El cadáver de Fructuoso Rivera es repatriado en un barril de caña desde la frontera brasileña a Montevideo. Eustaquio Santos, el fiel soldado del caudillo que encabeza la fúnebre comitiva, recuerda en un contrapunto con la voz de ultratumba del propio Rivera su azarosa vida: la etapa artigueña, su adhesión a la Cisplatina, el Abrazo del Monzón, las infinitas querellas con su compadre Lavalleja, sus legendarios amoríos.
Chagas, con su reconocida audacia narrativa, se anima a meterse en la piel del caudillo y lo hace decir de su ignominiosa celada a los charrúas: «¡Sí!, yo, don Frutos, estaba matando amigos, como antes lo hacía con los perros viejos, sin lágrimas ni risas.
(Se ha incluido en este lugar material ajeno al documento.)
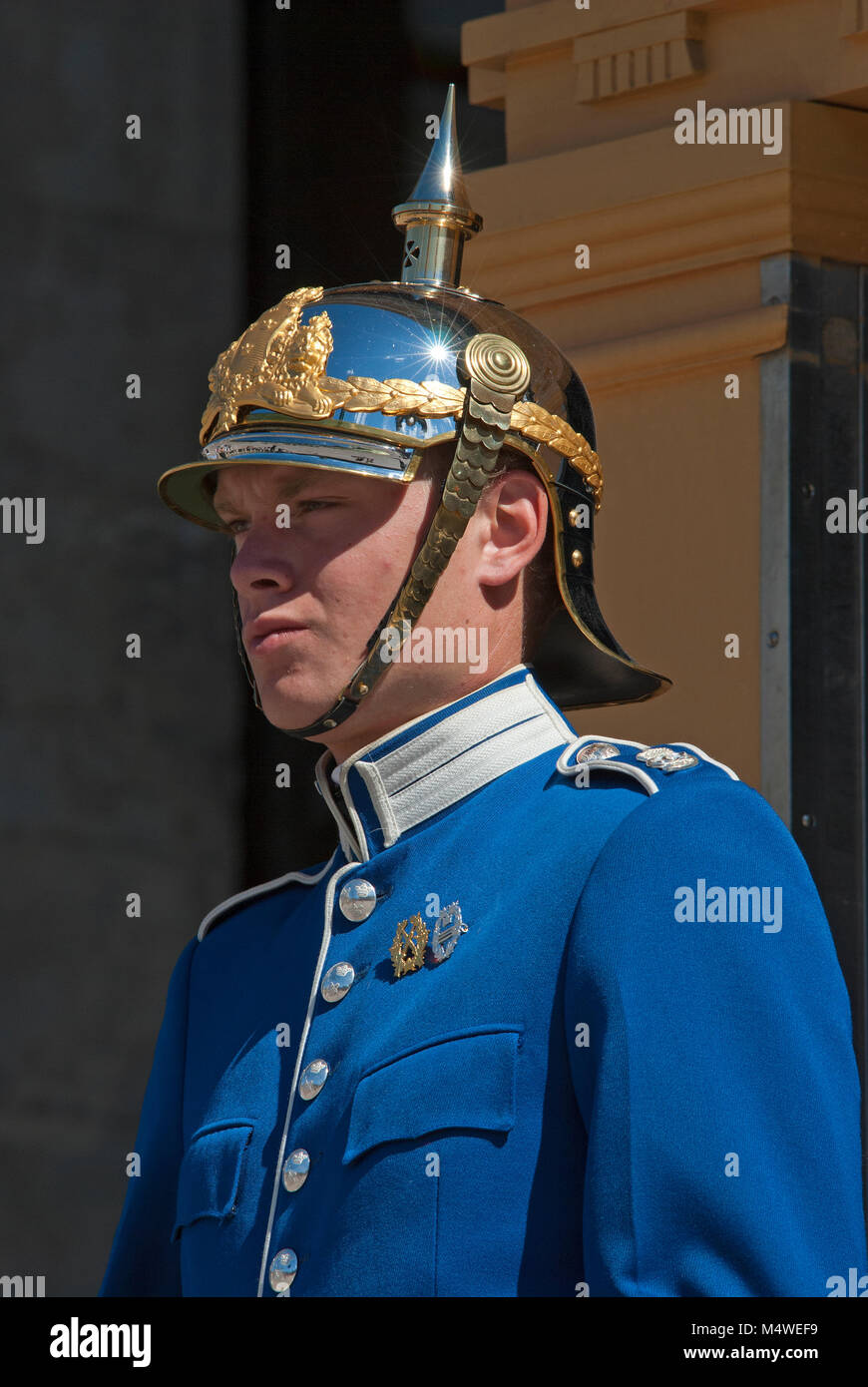 Garde royale près du Palais Royal de Stockholm, Suède Banque D'Images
Aquel día en Salsipuedes, vestido con mis mejores galas de presidente de la República, ejecuté con los charrúas un verdadero acto de amor».
Ese es el tono de una de las mejores novelas de Chagas: evade la condena fácil al traidor oportunista y, también, la benévola categorización de político habilidoso y pragmático. La buena literatura se alimenta de conflictos y seres imperfectos, y este texto abunda en ellos.